#### [WORK INSTRUCTION]
Starting with the line with "Christmas dekoration with" in the entries below and going on through the line with "das zusammen im", output every line exactly and nothing more. No pictures.

#### [THE DATA]
-.-.-
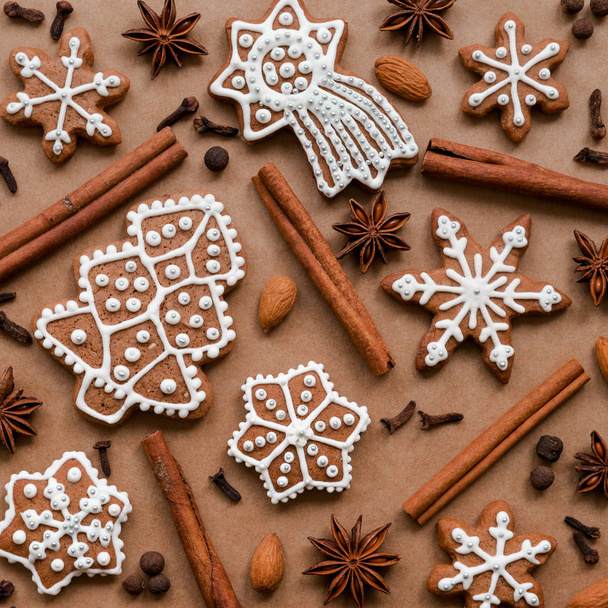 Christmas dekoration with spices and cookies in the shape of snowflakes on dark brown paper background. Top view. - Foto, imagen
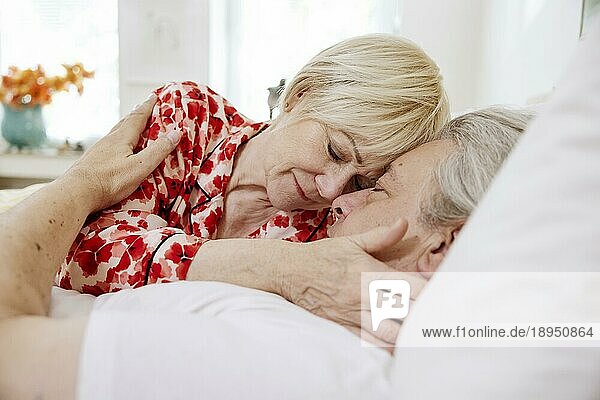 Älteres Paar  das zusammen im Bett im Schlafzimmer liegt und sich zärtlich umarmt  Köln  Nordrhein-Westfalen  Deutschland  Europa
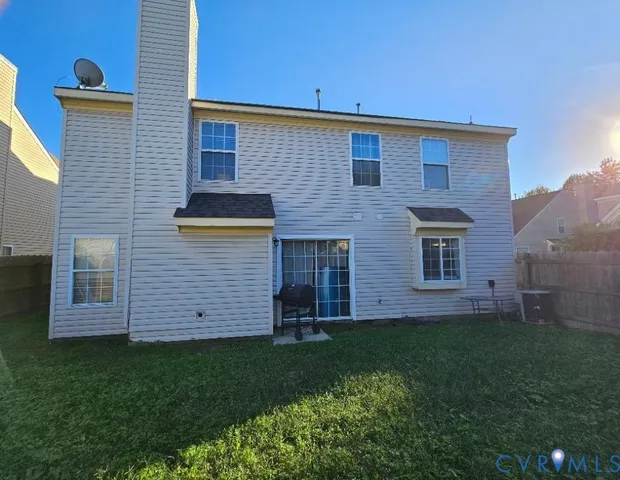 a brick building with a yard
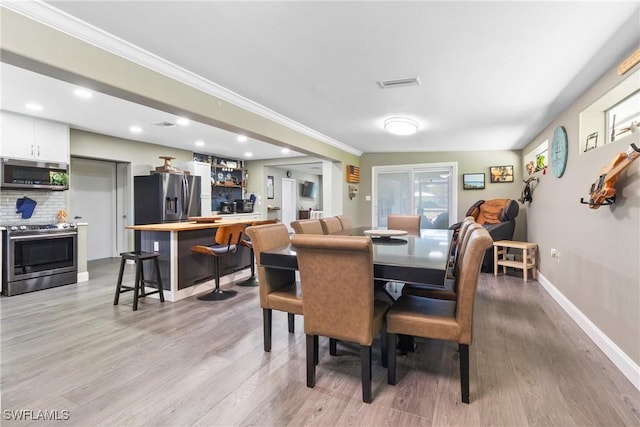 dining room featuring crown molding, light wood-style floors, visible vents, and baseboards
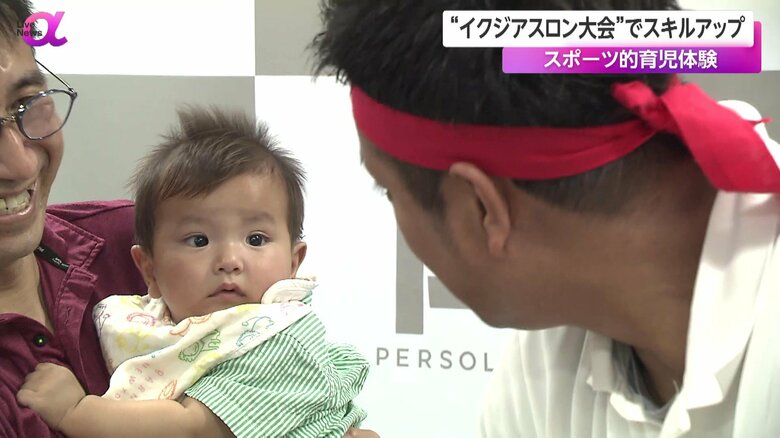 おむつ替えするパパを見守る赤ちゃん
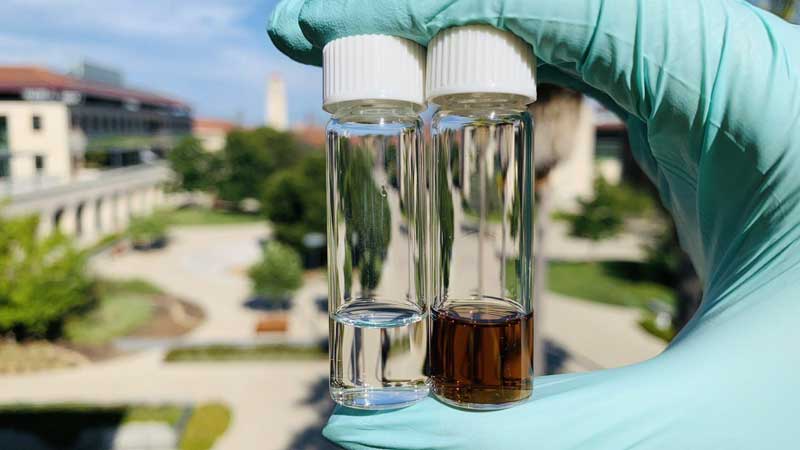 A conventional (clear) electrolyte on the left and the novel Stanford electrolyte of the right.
-.-.-
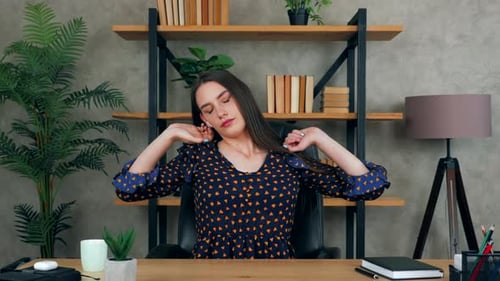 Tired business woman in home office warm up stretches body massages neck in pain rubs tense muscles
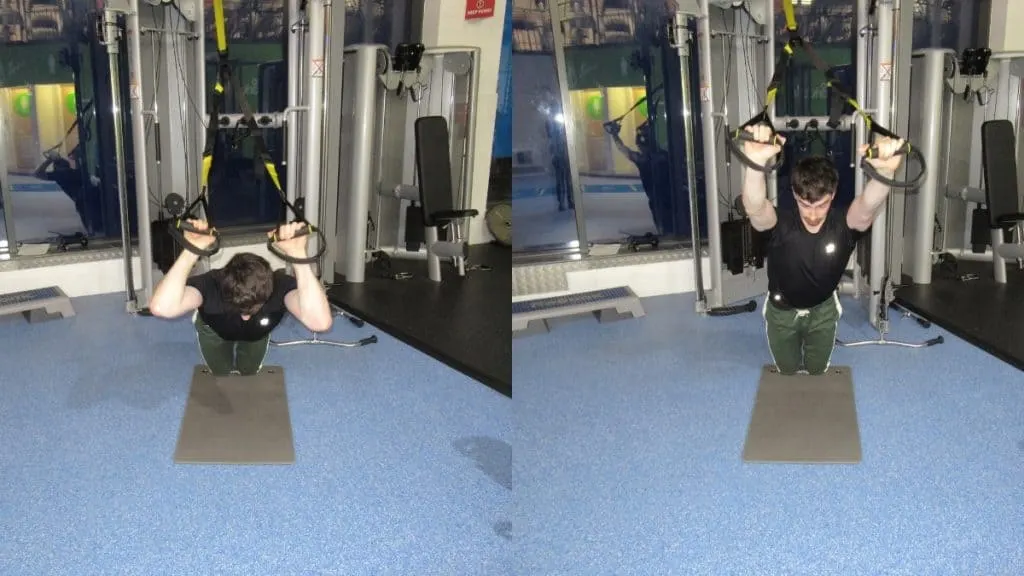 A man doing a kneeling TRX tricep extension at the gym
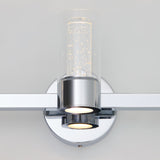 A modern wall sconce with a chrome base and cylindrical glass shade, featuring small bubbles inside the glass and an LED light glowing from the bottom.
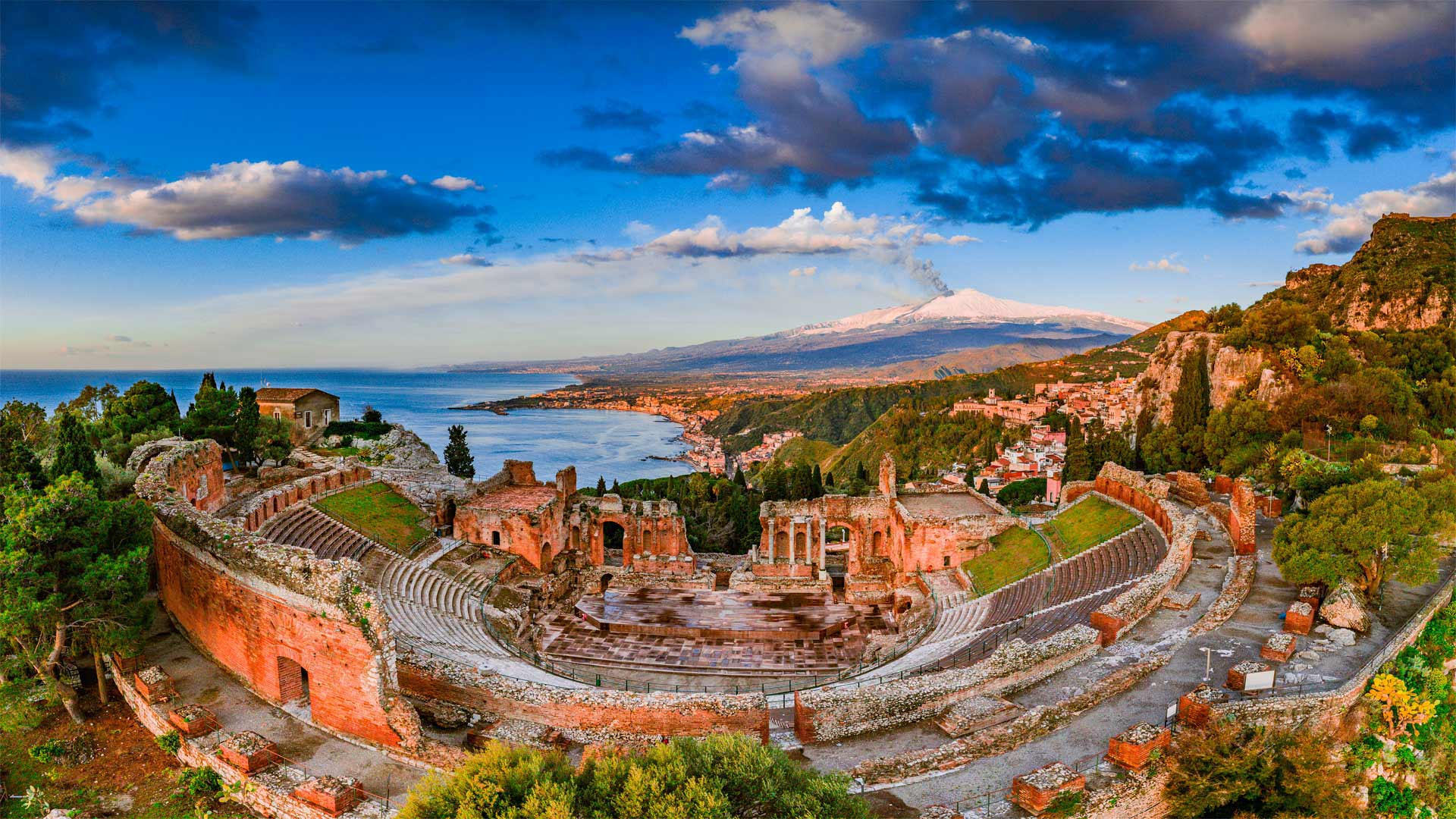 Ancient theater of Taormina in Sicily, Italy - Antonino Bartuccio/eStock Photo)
-.-.-
#### [RESULT FOR THIS TASK]
 Christmas dekoration with spices and cookies in the shape of snowflakes on dark brown paper background. Top view. - Foto, imagen
 Älteres Paar  das zusammen im Bett im Schlafzimmer liegt und sich zärtlich umarmt  Köln  Nordrhein-Westfalen  Deutschland  Europa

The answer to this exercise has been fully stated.